- Specialty: Endocrinology

= Idiopathic short stature =

Idiopathic short stature (ISS) refers to extreme short stature that does not have a diagnostic explanation (idiopathic designates a condition that is unexplained or not understood) after an ordinary growth evaluation. The term has been in use since at least 1975 without a precise percentile or statistical definition of "extreme".

==Diagnosis==
=== Definition ===
In 2003 Eli Lilly and Company offered a more precise definition of ISS when the pharmaceutical company submitted clinical trial data to the U.S. Food and Drug Administration (FDA) requesting approval to advertise their brand of growth hormone for the treatment of ISS. They proposed a definition of a height more than 2.25 standard deviations below mean, roughly equal to the shortest 1.2% of the population.

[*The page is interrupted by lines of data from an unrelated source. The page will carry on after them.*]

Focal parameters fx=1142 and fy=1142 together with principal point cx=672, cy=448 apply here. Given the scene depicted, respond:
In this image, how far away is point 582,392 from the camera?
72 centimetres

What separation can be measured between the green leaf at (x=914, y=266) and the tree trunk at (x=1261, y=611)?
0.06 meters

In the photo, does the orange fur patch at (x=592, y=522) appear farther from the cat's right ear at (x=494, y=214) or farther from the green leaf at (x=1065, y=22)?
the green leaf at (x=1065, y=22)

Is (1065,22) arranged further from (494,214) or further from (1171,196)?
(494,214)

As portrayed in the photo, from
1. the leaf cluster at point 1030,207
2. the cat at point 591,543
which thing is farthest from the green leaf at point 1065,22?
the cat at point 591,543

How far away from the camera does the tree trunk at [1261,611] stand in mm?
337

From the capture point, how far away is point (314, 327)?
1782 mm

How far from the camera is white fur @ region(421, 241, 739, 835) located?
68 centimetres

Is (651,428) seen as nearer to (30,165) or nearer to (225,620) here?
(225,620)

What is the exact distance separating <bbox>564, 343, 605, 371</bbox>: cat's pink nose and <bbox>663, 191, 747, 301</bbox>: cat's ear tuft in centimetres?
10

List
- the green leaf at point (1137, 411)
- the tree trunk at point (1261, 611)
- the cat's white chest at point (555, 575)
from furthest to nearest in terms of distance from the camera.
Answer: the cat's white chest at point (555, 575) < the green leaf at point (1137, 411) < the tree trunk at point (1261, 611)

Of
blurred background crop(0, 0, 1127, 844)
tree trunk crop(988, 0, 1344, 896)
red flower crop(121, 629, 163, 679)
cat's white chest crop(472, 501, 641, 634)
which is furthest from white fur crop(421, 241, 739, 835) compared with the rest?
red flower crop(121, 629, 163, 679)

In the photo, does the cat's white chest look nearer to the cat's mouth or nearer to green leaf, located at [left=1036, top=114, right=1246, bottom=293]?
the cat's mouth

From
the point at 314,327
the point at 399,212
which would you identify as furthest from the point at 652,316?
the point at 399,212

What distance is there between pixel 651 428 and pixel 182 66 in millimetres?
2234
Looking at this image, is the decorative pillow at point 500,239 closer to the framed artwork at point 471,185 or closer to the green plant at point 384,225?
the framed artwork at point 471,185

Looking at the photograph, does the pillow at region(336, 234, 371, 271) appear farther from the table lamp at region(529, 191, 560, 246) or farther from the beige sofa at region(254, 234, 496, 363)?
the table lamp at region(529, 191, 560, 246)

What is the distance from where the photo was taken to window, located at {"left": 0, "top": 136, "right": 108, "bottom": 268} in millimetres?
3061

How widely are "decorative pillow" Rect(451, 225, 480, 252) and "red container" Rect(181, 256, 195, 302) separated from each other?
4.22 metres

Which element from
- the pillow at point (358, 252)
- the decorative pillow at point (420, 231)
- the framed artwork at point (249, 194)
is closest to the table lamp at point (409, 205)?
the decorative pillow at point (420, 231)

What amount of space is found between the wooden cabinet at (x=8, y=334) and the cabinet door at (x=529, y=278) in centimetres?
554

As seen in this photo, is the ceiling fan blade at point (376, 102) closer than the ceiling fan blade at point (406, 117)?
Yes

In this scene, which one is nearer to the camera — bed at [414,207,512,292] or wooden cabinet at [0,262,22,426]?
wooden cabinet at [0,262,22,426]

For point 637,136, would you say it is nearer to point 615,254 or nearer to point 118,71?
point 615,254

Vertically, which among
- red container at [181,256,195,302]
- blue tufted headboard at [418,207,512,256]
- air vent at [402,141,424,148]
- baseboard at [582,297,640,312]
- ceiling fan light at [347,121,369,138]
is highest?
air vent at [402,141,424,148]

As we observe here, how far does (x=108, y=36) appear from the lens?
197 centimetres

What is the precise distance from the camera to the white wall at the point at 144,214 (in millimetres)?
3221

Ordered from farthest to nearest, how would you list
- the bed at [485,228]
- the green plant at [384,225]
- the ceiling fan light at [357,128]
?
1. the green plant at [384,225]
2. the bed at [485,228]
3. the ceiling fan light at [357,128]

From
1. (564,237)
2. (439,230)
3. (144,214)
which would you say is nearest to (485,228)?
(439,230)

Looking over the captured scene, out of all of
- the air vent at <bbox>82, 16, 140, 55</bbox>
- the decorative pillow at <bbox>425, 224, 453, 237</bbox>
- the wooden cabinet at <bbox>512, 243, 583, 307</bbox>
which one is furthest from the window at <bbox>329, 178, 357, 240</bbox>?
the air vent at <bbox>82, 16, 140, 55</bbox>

Other researchers have described a cutoff of 2.0 standard deviations.

== Treatment ==

There is some evidence that hormone treatment may not result in a significant improvement in psychosocial functioning.

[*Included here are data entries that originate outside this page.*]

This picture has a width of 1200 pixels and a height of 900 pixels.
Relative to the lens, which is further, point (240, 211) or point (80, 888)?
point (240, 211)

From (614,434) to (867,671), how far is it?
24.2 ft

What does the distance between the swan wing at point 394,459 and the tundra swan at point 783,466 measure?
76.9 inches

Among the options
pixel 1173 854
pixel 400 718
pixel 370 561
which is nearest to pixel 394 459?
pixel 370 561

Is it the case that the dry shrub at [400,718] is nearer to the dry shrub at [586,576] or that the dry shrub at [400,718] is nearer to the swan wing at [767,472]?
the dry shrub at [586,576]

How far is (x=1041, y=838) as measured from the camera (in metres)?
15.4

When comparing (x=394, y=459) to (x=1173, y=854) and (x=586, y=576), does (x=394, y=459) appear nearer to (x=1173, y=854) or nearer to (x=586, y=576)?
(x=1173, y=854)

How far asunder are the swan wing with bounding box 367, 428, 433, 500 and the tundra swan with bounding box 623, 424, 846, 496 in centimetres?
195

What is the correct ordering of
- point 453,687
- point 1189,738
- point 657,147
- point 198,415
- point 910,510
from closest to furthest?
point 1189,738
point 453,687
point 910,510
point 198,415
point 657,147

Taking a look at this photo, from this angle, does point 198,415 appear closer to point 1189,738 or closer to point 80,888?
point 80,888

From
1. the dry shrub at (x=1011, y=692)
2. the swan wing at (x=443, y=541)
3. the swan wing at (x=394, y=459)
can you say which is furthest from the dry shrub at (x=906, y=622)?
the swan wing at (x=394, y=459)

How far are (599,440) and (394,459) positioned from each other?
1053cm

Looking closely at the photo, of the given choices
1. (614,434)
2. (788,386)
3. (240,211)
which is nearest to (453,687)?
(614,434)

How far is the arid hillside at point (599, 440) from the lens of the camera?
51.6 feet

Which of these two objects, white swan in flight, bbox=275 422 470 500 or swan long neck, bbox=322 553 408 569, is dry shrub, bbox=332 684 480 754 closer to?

It is estimated that it would cost US$100,000 or more

to treat someone, but might only move them from the first percentile to perhaps the 10th. There is some ethical and economic concern whether such treatment would merely shift discrimination to the next most affected percentile. The use of insulin-like growth factor 1 or aromatase inhibitors have been proposed as an alternative to growth hormone.